Success of Grand Alliance in Bihar to set off political churning in UP

  • Sunita Aron, Hindustan Times, Lucknow
  • Updated: Nov 14, 2015 11:32 IST
Uttar Pradesh chief minister Akhilesh Yadav with tribal student during his visit Kaling institute of social science (KISS) in Bhubaneswar. (PTI)

The success of the Grand Alliance in Bihar has generated speculations on the possibility of a similar alliance in Uttar Pradesh, where defeating the BJP will not be a cakewalk.

In all probability, the BJP may tweak its 2017 poll strategy for UP from the lessons learnt in Bihar. Its overdependence the upper castes may not help the party win many seats in the state; for that it must penetrate the formidable backward and Dalit vote banks.

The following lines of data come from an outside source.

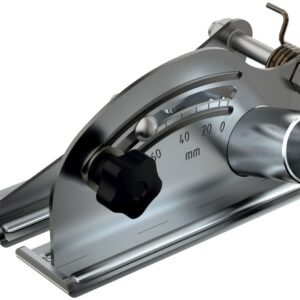 STIHL Tiefenanschlag 48646900801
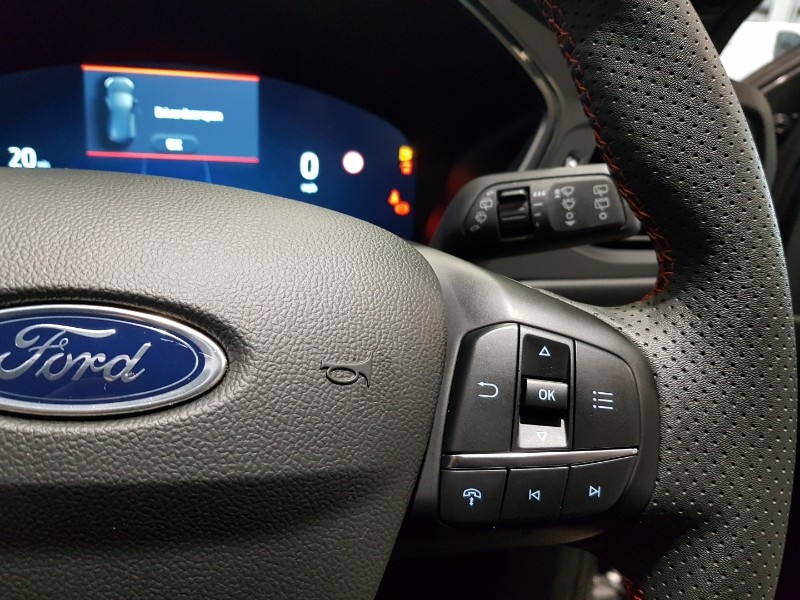 Used Ford Kuga 2025 for sale - 76970299: Photo 15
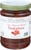 Jeff's Naturals Sun-Ripened Dried Tomatoes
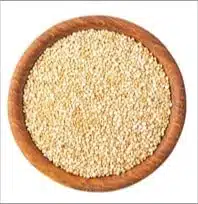 Quinoa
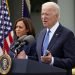 Washington y Nueva York. El presidente Joe Biden enfrenta un creciente coro de críticos en el Congreso, personal de su administración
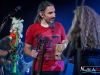 2126img_5458_09_12_2016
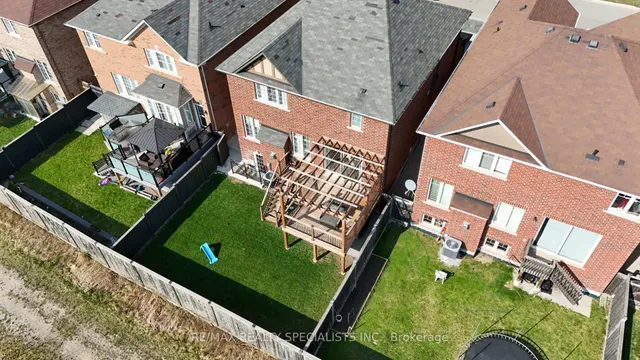 Additional image 47 of 172 Tysonville Circ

The BJP doesn’t have a leader like Kalyan Singh, who became the face of both Mandal and Kamandal in the early 1990s. He was the temple hero from the OBC community. The state politics has been controlled by OBCs and Dalits since its mandalisation in early 1990s. Of the 11 chief ministers since, only Rajnath Singh and Ram Prakash Gupta belonged to the upper caste.

Post Bihar polls, the regional forces decimated by Narendra Modi in the 2014 general elections are back in reckoning. The Congress, which till sometime pursued the ‘ekla chalo’ policy, may also accept the role of a smaller player in UP.

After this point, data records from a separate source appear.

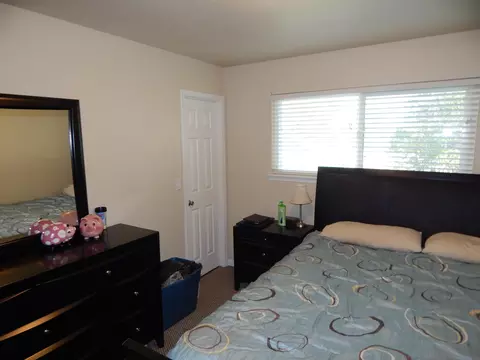1735 Mesa St, Redding, CA 96001 photo 30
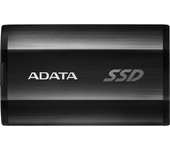 adata se800 ssd externo 1tb usb-c3.2 gen2 negro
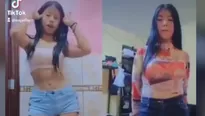 Alias Ñaña: Detienen a extranjera acusada de explotar sexualmente a menores - Foto y video: América Noticias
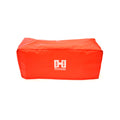 Dust Cover Trimmers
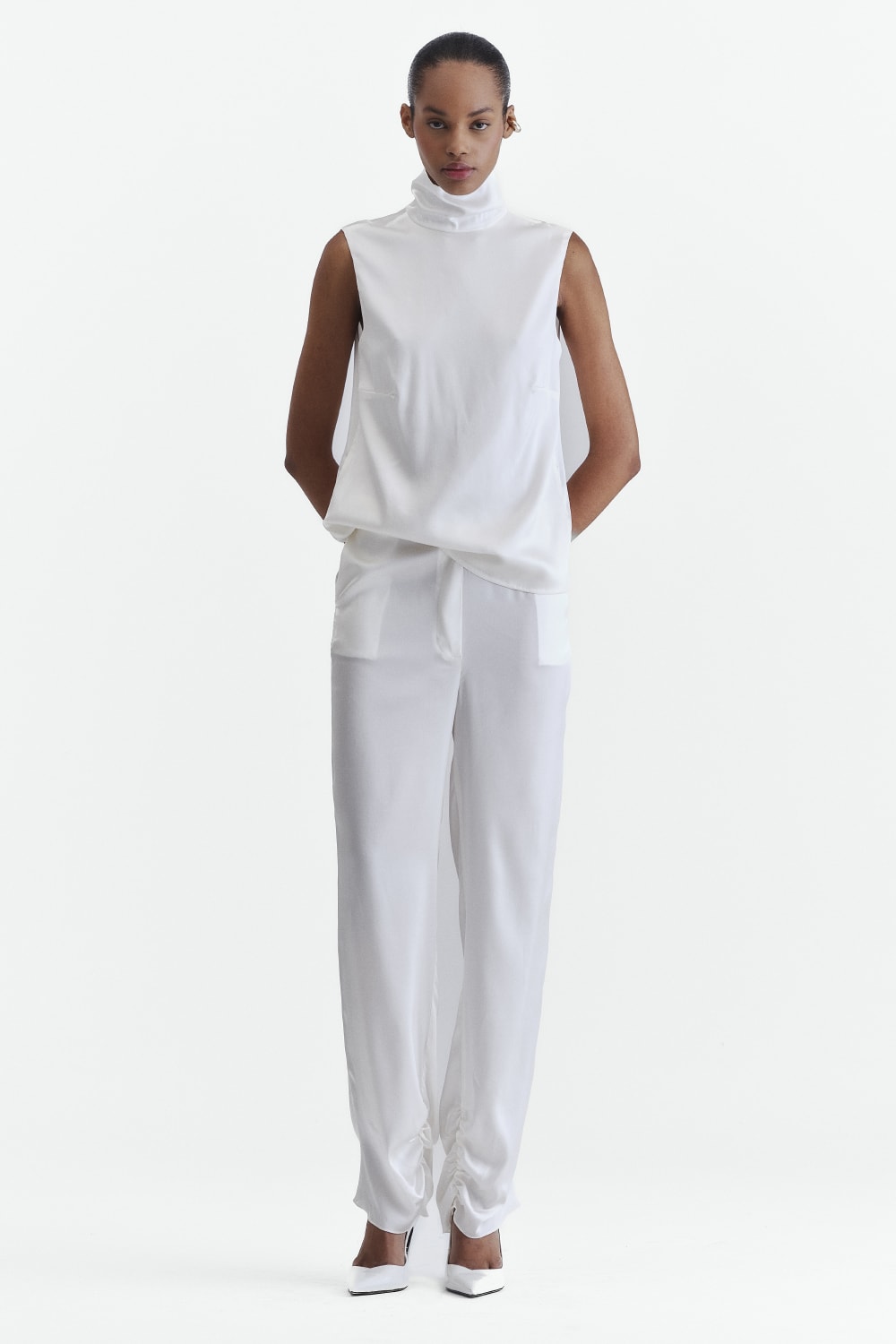 image_24e75b93-b106-4303-9e03-b576b3290549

Apparently, Congress leaders may again ask the high command to start discussions on choosing a partner for the 2017 polls. Notwithstanding the celebrations in the party, the fact remains that it won 27 seats more by riding the vote banks of its partners rather than reviving its own vote base in Bihar.

A senior BJP leader admitted the ‘transfer of votes’ in Bihar by partners was not a farce. “Contrary to common belief, the leaders – Nitish Kumar and Lalu Yadav - sincerely transferred their votes to each other,” he said.

According to him, UP’s track record proves that while the BSP’s votes are transferable, other parties have often failed to do the same. The BSP had entered into a pre-electoral alliance – with the SP in 1993 and the Congress in 1996 – and party leaders claimed they did not get the support of other castes represented by the two parties.

Public debate has already started on various political combinations while ruling out the possibility of Mulayam and Mayawati coming together in 2017.

Apparently the BSP is focusing on west UP where a tie-up with the RJD and possibly the Congress could happen. The contentious issue of seat-sharing could be resolved with the BSP taking the bulk of the seats and the RJD and the Congress playing second fiddle.

The other possible combination could be an alliance between the SP and the Congress. The RJD, with its base confined to west UP, would prefer the BSP because of the overwhelming Dalit population in its area of influence.

So far, Rahul has been against electoral alliances but Bihar may convince him to renew the party’s strategy. A similar hype in 2009, in UP when the party won 21 Lok Sabha seats, soon dissipated.

Expect behind-the-scene parleys in the coming days.